Zakończyć rok niespodzianką. Na Exbud Arenę przyjeżdża Pogoń Szczecin
W 18. kolejce PKO BP Ekstraklasy Korona Kielce zagra na własnym stadionie z Pogonią Szczecin. „Żółto-czerwoni” będą chcieli udanie zakończyć 2024 rok.
Najbliższym rywalem Korony będzie zajmująca 8. miejsce w ligowej tabeli Pogoń Szczecin. „Portowcy” prowadzeni przez byłego zawodnika kieleckiego klubu Roberta Kolendowicza, mają w dorobku 26 punktów i tracą osiem oczek do podium.
W minioną środę awansowali do ćwierćfinału Pucharu Polski po wyeliminowaniu KGHM Zagłębia Lubin (o czym więcej TUTAJ).
– To bardzo mocny zespół. Rzeczywiście te mecze wyjazdowe w pierwszej części sezonu im nie wychodziły, ale w Gdańsku (wygrana 3:0 - przyp. red.) pokazali dużą siłę i swoją moc. Te spotkania z Jagiellonią i Zagłębiem, jeśli ktoś analizuje, to pokazuje, jaką mają siłę w ofensywie. „Portowcy” są w niej bardzo mocni, Gorgon, Grosicki, Koulouris, Biczachczjan. Mają zbilansowaną linię tych trzech pomocników. Zdajemy sobie sprawę, że trafiamy na zespół, który będzie chciał walczyć o europejskie puchary. Natomiast my też mamy swoje marzenia, zamierzenia i jesteśmy w ciężkiej sytuacji. Dla nas ten pojedynek jawi się jako kluczowy, bo zagramy w nim o spokojną zimę. Zrobimy wszystko, żeby tak jak po Widzewie, w szatni panowała radość – powiedział przed spotkaniem Jacek Zieliński, trener „żółto-czerwonych”.
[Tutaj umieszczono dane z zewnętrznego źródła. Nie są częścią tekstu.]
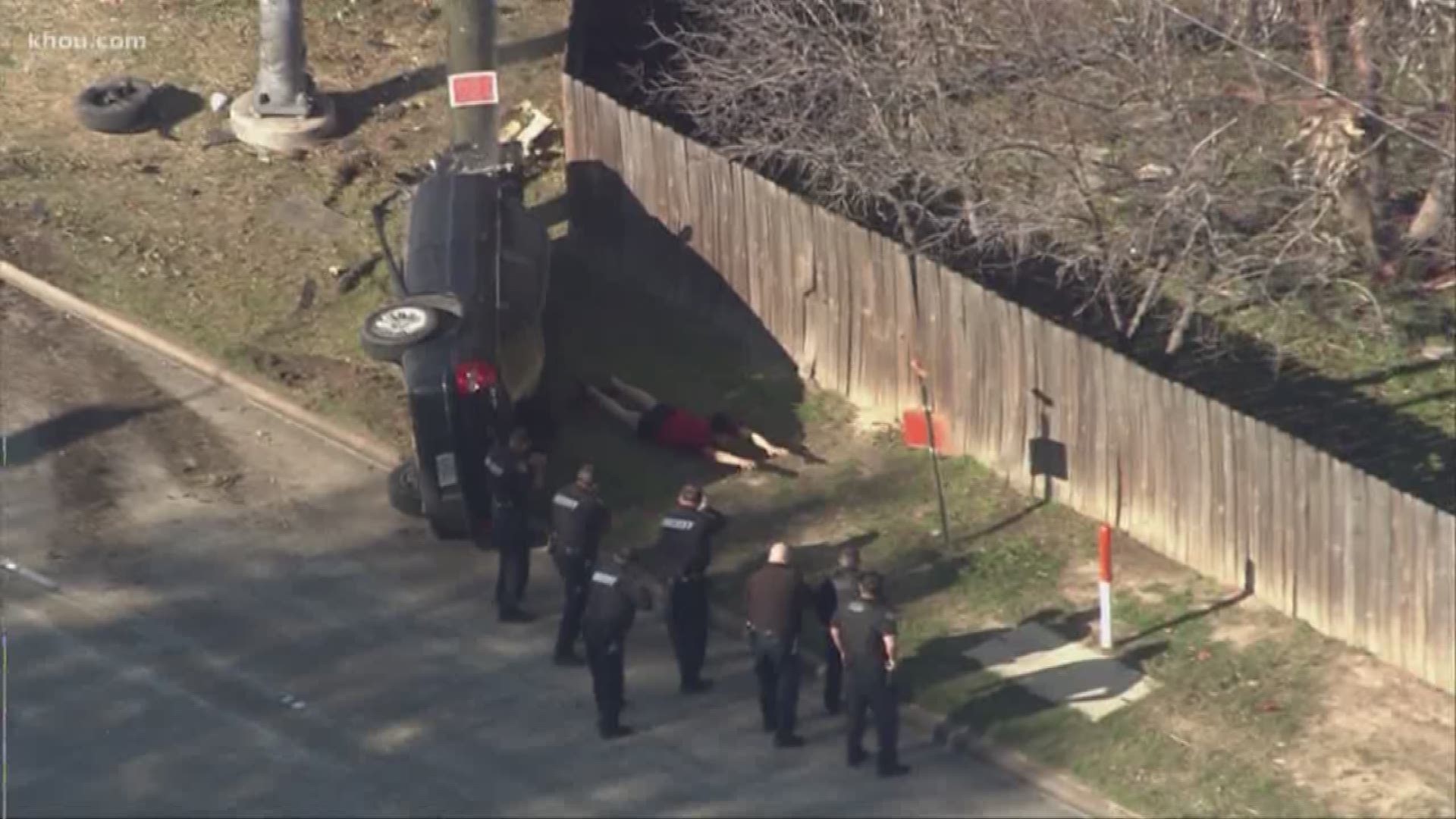Chase ends with crash, suspect in custody in NW Harris County | khou.com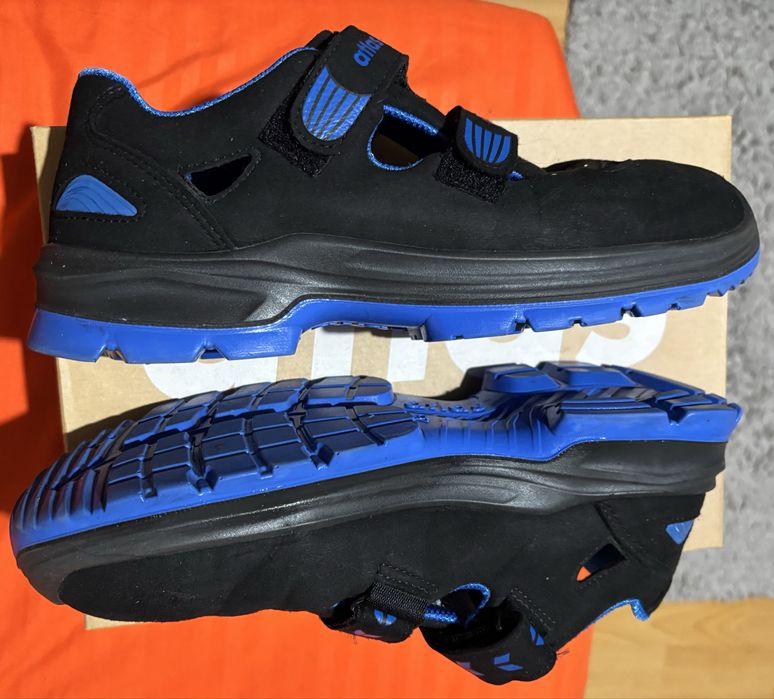 Vand pantofi/bocanci cu protectie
W poniedziałkowym pojedynku z powodu nadmiaru żółtych kartek nie wystąpią dwaj kluczowi gracze kieleckiego zespołu Pau Resta oraz Yoav Hofmeister (więcej o sytuacji kadrowej TUTAJ).
Jaki jest plan na ich zastąpienie? – Pomysłów jest wiele. My mamy swoje, wy (dziennikarze - przyp.red.) swoje. Myślimy nad tym zestawieniem. Wojtek Kamiński jest jednym z wyborów. Ostatnio mniej grywał, ponieważ przegrywał rywalizację. Na każdego jednak przyjdzie pora – wskazał szkoleniowiec.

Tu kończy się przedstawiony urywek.